I’m a bit of a hypocrite when it comes to software testing. I see it as one of the most important indicators of software quality… but I sometimes just don’t want to be bothered with it.

Small teams often groan about how much work maintaining a testing system requires. They say it’ll slow down development velocity and will provide little benefit. And they have a point. Setting up a testing system and ensuring good test coverage is a non-trivial amount of work.

Typically, this untested state of affairs is arrived at when a small team or solo developer is working on an application, and they get to a release state by manually testing everything. And for something small, this might be sufficient. Then, another developer who doesn’t have enough background wants to work on it, or a quick iteration happens that breaks behavior. Then, the chorus of blaming about tests begins.

I suggest a truce between us all and that we set a few criteria for testing.

  1. When a project is small enough in scope that all important behavior can be tested quickly, you may not need tests. If you’re running a command line utility that only does one thing or a tool with only one use case, you might not need tests. Hobby projects may not need them, especially if failure is not catastrophic.
  2. Add tests the first time you get a little nervous to make changes. While this is entirely subjective, most folks know it when they feel it. Did you hesitate a little bit to commit that code? Are you confident that everything works, or only sorta confident? Time to add tests.
  3. Never add tests ‘just because’. Test for critical behavior and regression test every bug fix. It’s easy to get carried away with tests. But only some provide value. Test for critical behavior and bug regression.
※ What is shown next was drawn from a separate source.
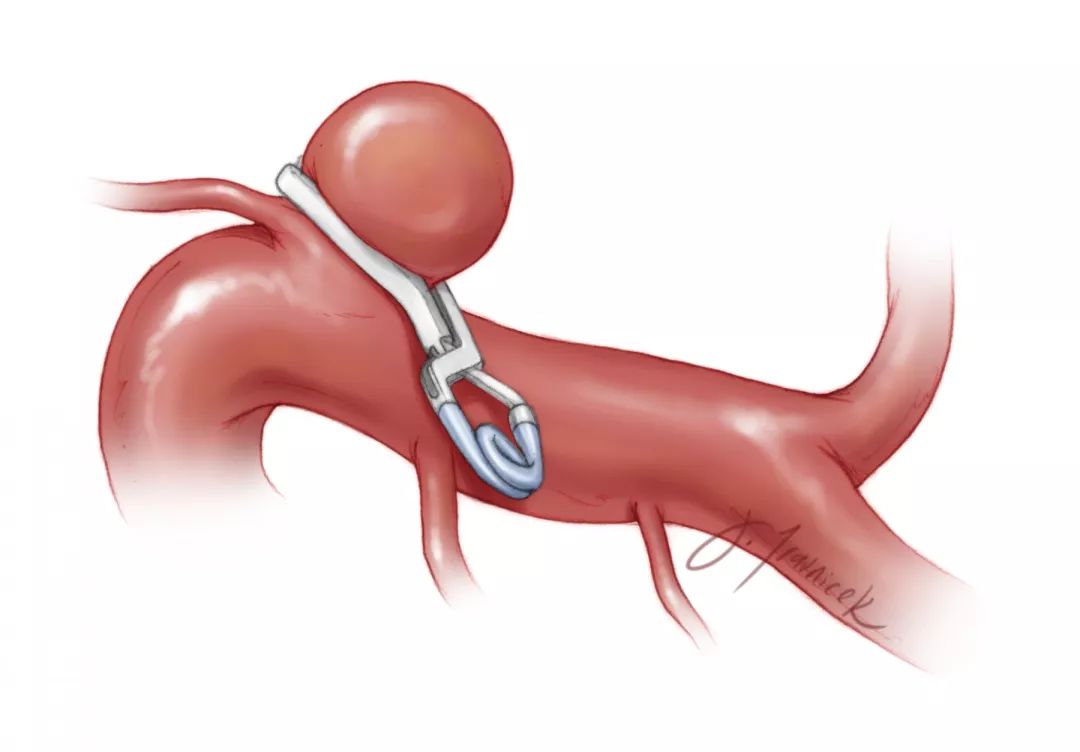 动脉瘤永久夹的使用策略与技巧theneurosurgicalatlas全文翻译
Add as needed, but don’t hesitate to remove or update what’s not working.
  4. Tests must always pass. No exceptions. If a test gives false positives or negatives, fix the test. If a test can fail without it being a problem, remove it. A failed test should mean ‘we cannot ship this’ so we never commit code that fails tests. No exceptions!

If we stick to these four things, I think I can be considered less of a hypocrite and perhaps a little more… pragmatic?